I want, and need, to work out how I can start getting some exhibition opportunities here in Stockholm. I guess that it is probably no different to anywhere else, so have to admit that I have always found it challenging to promote myself – far easier to promote other people and to be invited to show … One significant difference between here and London for example is that there are still ways to get financial support for art, for example grants that can be used to realise an exhibition, or produce work. This is important for me to remember, as I am not in a position where I am earning money to finance things myself as I often did in London. My pace is somewhat slow, so the sooner I get started the better!

Perhaps unsurprisingly I have been thinking about what kind of space, both literally and conceptually, my work occupies. These questions have come up through the research course, but also possibly because I wonder the same about myself as I become more settled in Sweden. What is my identity as an artist? What do I want it to be?

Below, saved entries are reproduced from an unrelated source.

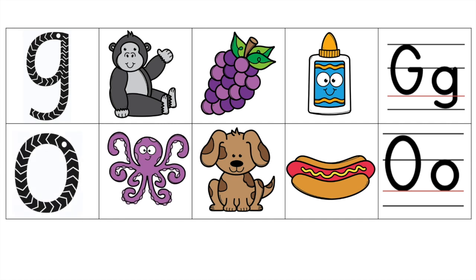O. O. Octopus. O. Dog. O. Dog. O. Hotdog. O. Hotdog.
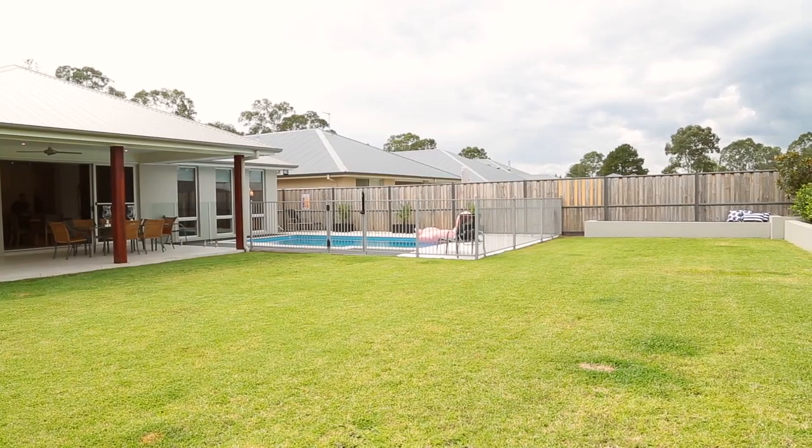If you're anything like me, you love outdoor entertaining, and with this huge block, beautiful alfresco, and sparkling in-ground pool, you'll fast become the talk of the town for all your summer barbecues.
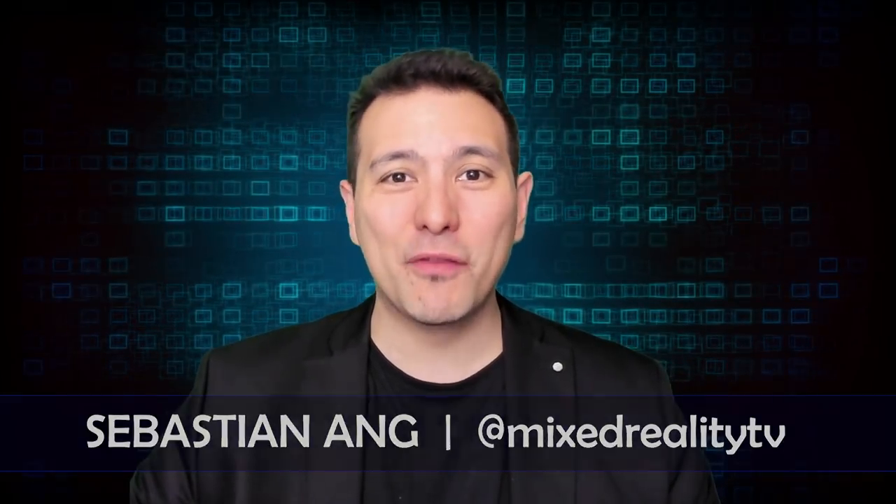Hi and welcome here at MRTV, my name is Sebastian Ang. If this is your first time here and you're just as excited about VR and AR as I am, then subscribe now and click on the bell button so you don't miss anything. Here is my full review of the Oculus Go standalone VR headset.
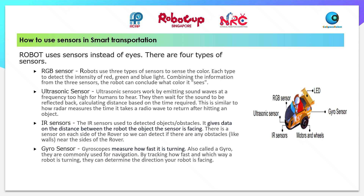Now, let's see how to use sensors in Smart Transportation. The robot uses sensors instead of eyes. There are 4 types of sensors. The RGB sensor: robots use 3 types of sensors to sense colour, each to detect the intensity of red, green, and blue light. Combining the information from the 3 sensors, the robot can conclude what colour it sees.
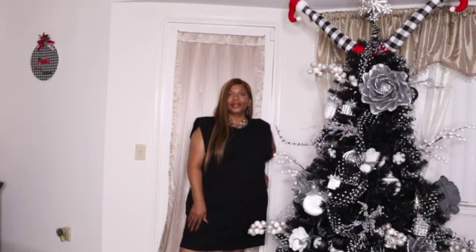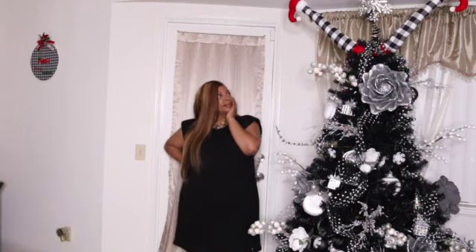I did pick this up in two colors — one in the sage color that you've already seen, and now in the black color. The only difference is I picked up the sage in a 2X and the black in a 3X. I wanted to see exactly what the difference is. And if you don't know, we can no longer use the try-on rooms at Forever 21, so I did not know which size would look best. Let me know what you think.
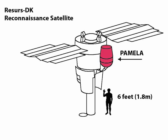The apparatus is 1.3 m high, has a total mass of 470 kg and a power consumption of 335 W. The instrument is built around a permanent magnet spectrometer with a silicon microstrip tracker that provides rigidity and dE/dX information. At its bottom is a silicon tungsten imaging calorimeter, a neutron detector, and a shower tail scintillator to perform lepton-hadron discrimination. A time-of-flight system, made of three layers of plastic scintillators, is used to measure the velocity and charge of the particle. An anti-counter system made of scintillators surrounding the apparatus is used to reject false triggers and albedo particles during offline analysis.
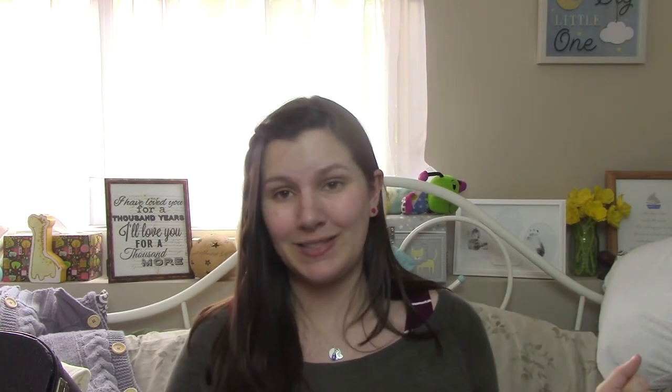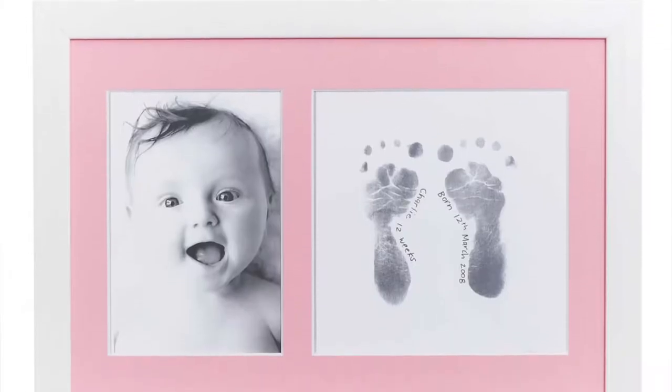The first thing I kind of regret someone buying me is the footprint frame situation. If you can see, it is right behind me. The footprint frame had like traditional ink, not like the mess-free ink or whatever.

Perhaps if I could start to work that out I might start to see a plan of action. A tighter focus might be just what I need right now, a way to make things manageable.

At the studio’s annual meeting on Wednesday we (Birgitta, Leif and I) received approval for our ‘motion’ that the exhibition space be guaranteed for as long as the studios are here. It has been a question hanging over the space since the private funding for a part-time curator ceased a couple of years ago. We are also the members who now have responsibility to make it happen! It is very exciting and although I think it will be a lot of work I expect to get a lot out of it, not least a far better understanding of how artists and arts venues work here. In addition I want to do as much as I can in Swedish so that my ability to talk about art in Swedish improves – something that I cannot really expect to happen on the language courses that I am doing.

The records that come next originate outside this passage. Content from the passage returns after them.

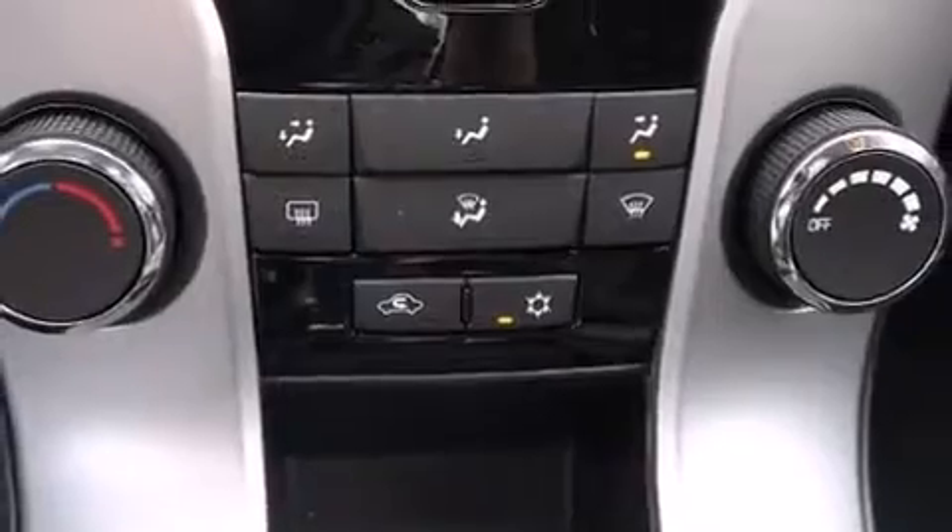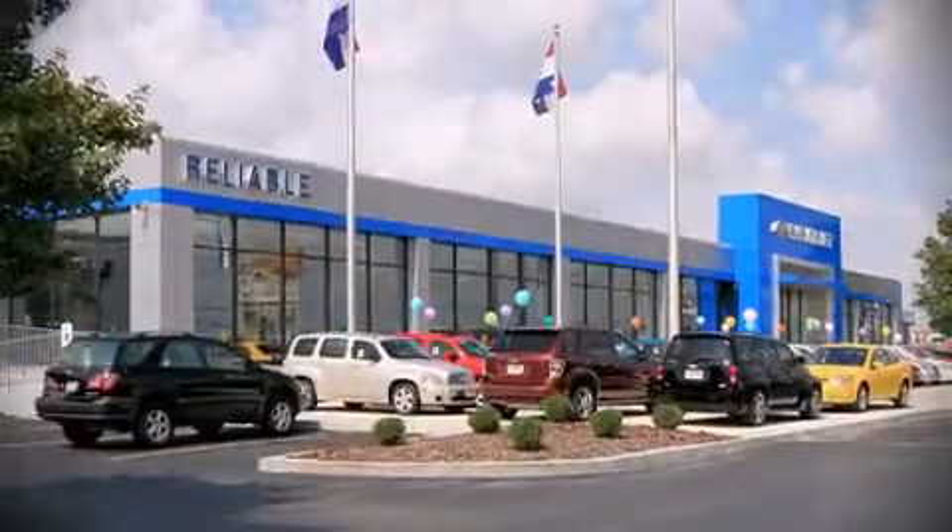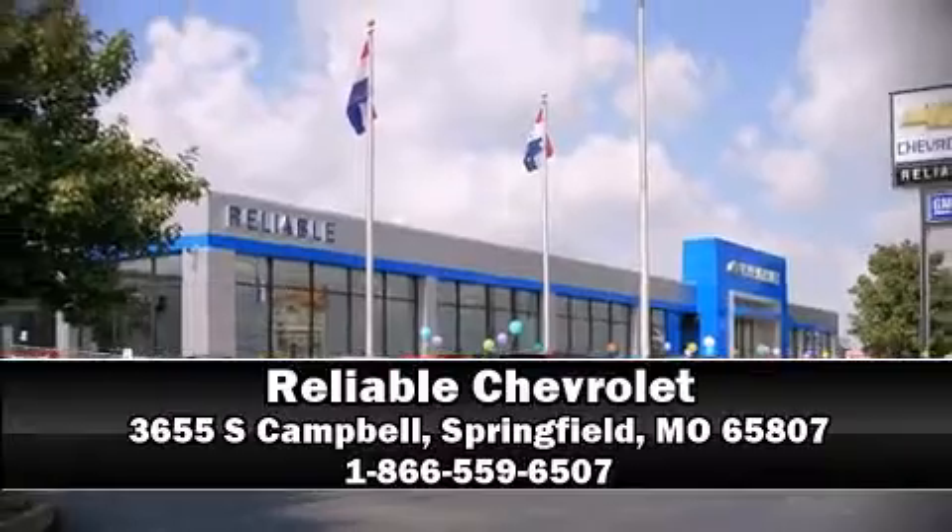Brake Assist technology provides extra pressure when applying the brakes. Please don't hesitate to give us a call.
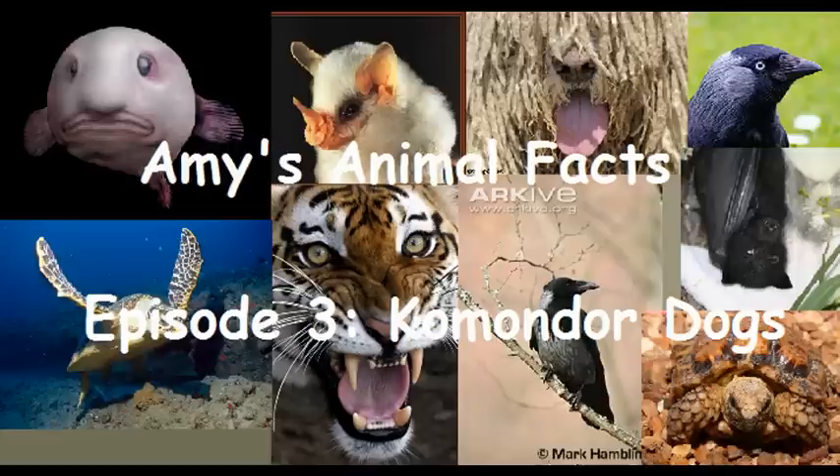Welcome back to Amy's Animal Facts. This week's animal was requested by X-Dowcy on YouTube. It's the Komondor dog.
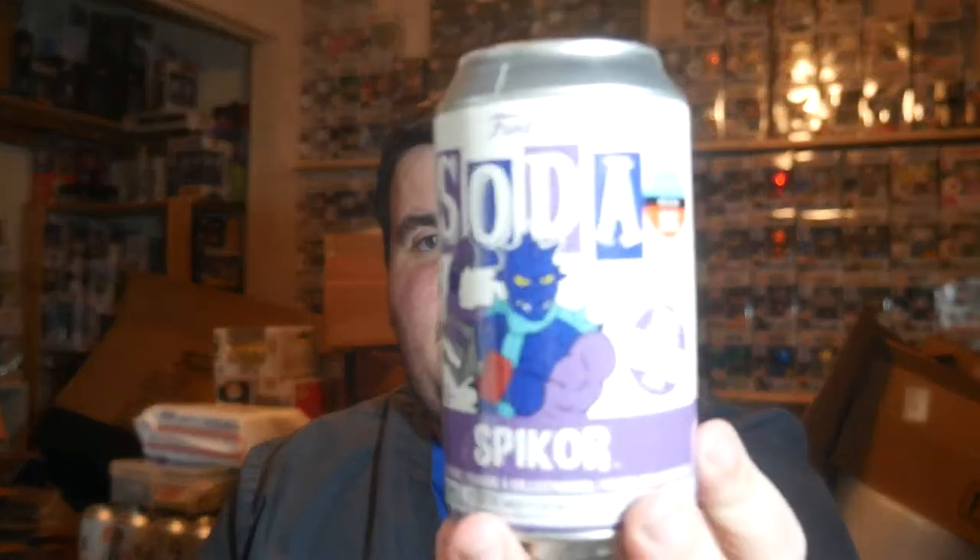One in 10,500 on the demon. I still have like nine commons left — we'll get rid of them eventually. And guys, we ended up getting a Spiker Toy Tokyo — let's go! Thank you — was it Quick Draw or Eric? One of you two, thank you so much for doing the trade with me. I'm sorry I don't remember — my memory is really bad.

Last night I went tot the opening of a show by artists who last year took the ‘Swedish’ artistic research course as Konstfack (there are two research courses running this year – one in Swedish and one in English! The one in Swedish also ran last year and it was those artists whose show opened yesterday). Many of the artists’ statements were very clear about the personal nature of the works’ content and explained that the research process had been significant to their understanding of their motivations and imagery. The ‘Swedish identity’ seemed to be a thread that ran through many pieces. I tried to imagine some of my work in the show and found it rather difficult. On the way home I wondered what a group show from ‘my’ research course might look like, perhaps I will get the opportunity to find out …

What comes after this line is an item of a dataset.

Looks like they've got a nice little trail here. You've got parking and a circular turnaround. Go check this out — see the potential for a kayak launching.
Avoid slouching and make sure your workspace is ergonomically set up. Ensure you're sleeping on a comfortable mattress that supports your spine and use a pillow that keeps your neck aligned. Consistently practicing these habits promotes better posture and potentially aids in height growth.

I thought that I was going to write something about the question of why there are so few (if any – according to some people!) internationally known Swedish artists when the level of government support and other types of assistance, subsidies and stipends is so high. However after a couple of attempts at writing a paragraph or two I have decided that just to pose the question is sufficient at the moment.

This morning I met up with some of my fellow students from the Artistic Research (AR) course. It’s the second time that we have met outside of the course time and again the conversation was as fascinating as it was wide ranging. I really appreciate the opportunity to work with such interesting artists, and cannot express my delight that an institution such as Konstfack has the possibility to run “free-standing” courses lead by world class lectures on an open application basis. Although it is a free-standing course it carries a number of credits or points, which if I understand correctly could count toward a degree or other qualification.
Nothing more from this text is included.